EXERCISE DIRECTIONS = No pictures belong in the copy. Retype exactly, and only, the stretch of lines below from the one with "Fig. 02 - Flexible display device" through the one with "Montant des dotations".
**** INPUT
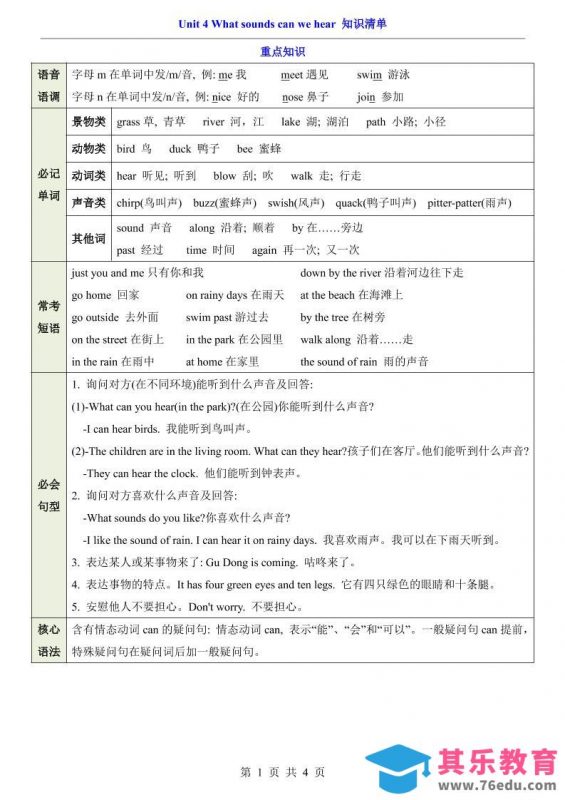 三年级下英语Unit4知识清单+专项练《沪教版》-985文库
********
**** INPUT
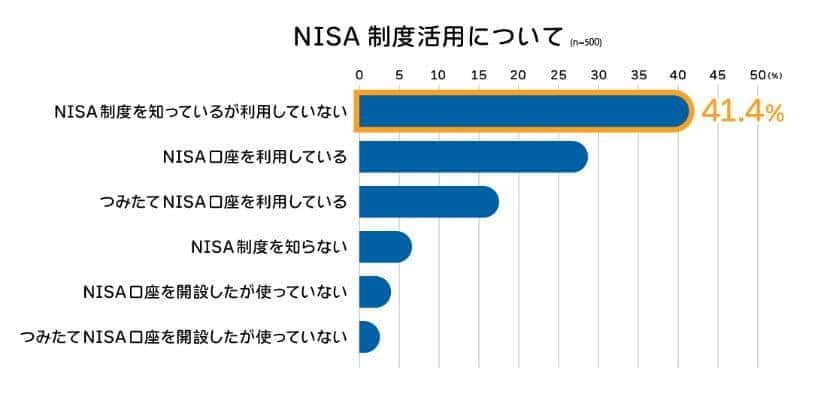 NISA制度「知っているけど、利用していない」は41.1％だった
********
**** INPUT
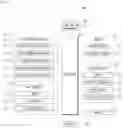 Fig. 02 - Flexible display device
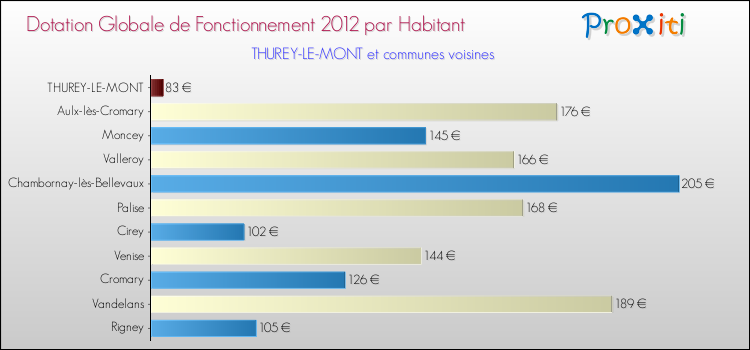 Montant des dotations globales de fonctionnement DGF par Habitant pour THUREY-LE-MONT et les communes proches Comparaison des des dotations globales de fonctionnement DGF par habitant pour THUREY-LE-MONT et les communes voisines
********
ANSWER AREA =
 Fig. 02 - Flexible display device
 Montant des dotations globales de fonctionnement DGF par Habitant pour THUREY-LE-MONT et les communes proches Comparaison des des dotations globales de fonctionnement DGF par habitant pour THUREY-LE-MONT et les communes voisines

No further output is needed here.